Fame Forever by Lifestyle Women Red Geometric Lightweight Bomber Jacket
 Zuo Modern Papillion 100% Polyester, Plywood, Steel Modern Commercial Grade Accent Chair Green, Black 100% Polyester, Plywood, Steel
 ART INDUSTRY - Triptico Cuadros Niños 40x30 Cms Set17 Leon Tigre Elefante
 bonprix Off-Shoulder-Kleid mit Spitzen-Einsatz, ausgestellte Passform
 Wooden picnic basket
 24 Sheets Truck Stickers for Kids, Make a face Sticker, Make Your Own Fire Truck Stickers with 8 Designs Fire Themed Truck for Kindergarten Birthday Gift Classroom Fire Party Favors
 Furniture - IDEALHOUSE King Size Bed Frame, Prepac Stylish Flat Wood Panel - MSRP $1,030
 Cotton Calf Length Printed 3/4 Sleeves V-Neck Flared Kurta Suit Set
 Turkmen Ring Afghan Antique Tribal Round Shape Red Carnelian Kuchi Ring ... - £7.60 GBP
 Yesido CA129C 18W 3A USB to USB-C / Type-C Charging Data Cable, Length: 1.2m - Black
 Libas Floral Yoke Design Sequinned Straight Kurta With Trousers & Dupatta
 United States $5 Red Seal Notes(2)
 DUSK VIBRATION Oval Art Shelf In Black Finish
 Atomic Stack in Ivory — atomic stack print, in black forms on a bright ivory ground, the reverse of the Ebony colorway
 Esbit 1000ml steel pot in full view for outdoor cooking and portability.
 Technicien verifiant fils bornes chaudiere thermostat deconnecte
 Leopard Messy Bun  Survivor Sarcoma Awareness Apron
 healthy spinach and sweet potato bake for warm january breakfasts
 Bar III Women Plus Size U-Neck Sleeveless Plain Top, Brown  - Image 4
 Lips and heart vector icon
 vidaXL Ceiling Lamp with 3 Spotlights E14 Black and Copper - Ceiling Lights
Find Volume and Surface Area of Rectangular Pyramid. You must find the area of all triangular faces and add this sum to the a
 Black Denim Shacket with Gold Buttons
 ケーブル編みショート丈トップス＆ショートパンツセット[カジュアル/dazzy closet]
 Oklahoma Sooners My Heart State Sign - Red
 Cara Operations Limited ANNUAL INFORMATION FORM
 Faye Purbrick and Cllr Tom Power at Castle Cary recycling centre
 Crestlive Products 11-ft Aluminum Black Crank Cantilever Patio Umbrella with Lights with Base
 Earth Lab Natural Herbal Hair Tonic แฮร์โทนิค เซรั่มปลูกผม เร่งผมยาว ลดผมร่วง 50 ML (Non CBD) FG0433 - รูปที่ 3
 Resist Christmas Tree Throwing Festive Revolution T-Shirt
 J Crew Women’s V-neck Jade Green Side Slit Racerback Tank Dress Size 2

....

→ WORK REQUEST: For every record above, print an exact copy.

→ ANSWER SECTION:
Fame Forever by Lifestyle Women Red Geometric Lightweight Bomber Jacket
 Zuo Modern Papillion 100% Polyester, Plywood, Steel Modern Commercial Grade Accent Chair Green, Black 100% Polyester, Plywood, Steel
 ART INDUSTRY - Triptico Cuadros Niños 40x30 Cms Set17 Leon Tigre Elefante
 bonprix Off-Shoulder-Kleid mit Spitzen-Einsatz, ausgestellte Passform
 Wooden picnic basket
 24 Sheets Truck Stickers for Kids, Make a face Sticker, Make Your Own Fire Truck Stickers with 8 Designs Fire Themed Truck for Kindergarten Birthday Gift Classroom Fire Party Favors
 Furniture - IDEALHOUSE King Size Bed Frame, Prepac Stylish Flat Wood Panel - MSRP $1,030
 Cotton Calf Length Printed 3/4 Sleeves V-Neck Flared Kurta Suit Set
 Turkmen Ring Afghan Antique Tribal Round Shape Red Carnelian Kuchi Ring ... - £7.60 GBP
 Yesido CA129C 18W 3A USB to USB-C / Type-C Charging Data Cable, Length: 1.2m - Black
 Libas Floral Yoke Design Sequinned Straight Kurta With Trousers & Dupatta
 United States $5 Red Seal Notes(2)
 DUSK VIBRATION Oval Art Shelf In Black Finish
 Atomic Stack in Ivory — atomic stack print, in black forms on a bright ivory ground, the reverse of the Ebony colorway
 Esbit 1000ml steel pot in full view for outdoor cooking and portability.
 Technicien verifiant fils bornes chaudiere thermostat deconnecte
 Leopard Messy Bun  Survivor Sarcoma Awareness Apron
 healthy spinach and sweet potato bake for warm january breakfasts
 Bar III Women Plus Size U-Neck Sleeveless Plain Top, Brown  - Image 4
 Lips and heart vector icon
 vidaXL Ceiling Lamp with 3 Spotlights E14 Black and Copper - Ceiling Lights
Find Volume and Surface Area of Rectangular Pyramid. You must find the area of all triangular faces and add this sum to the a
 Black Denim Shacket with Gold Buttons
 ケーブル編みショート丈トップス＆ショートパンツセット[カジュアル/dazzy closet]
 Oklahoma Sooners My Heart State Sign - Red
 Cara Operations Limited ANNUAL INFORMATION FORM
 Faye Purbrick and Cllr Tom Power at Castle Cary recycling centre
 Crestlive Products 11-ft Aluminum Black Crank Cantilever Patio Umbrella with Lights with Base
 Earth Lab Natural Herbal Hair Tonic แฮร์โทนิค เซรั่มปลูกผม เร่งผมยาว ลดผมร่วง 50 ML (Non CBD) FG0433 - รูปที่ 3
 Resist Christmas Tree Throwing Festive Revolution T-Shirt
 J Crew Women’s V-neck Jade Green Side Slit Racerback Tank Dress Size 2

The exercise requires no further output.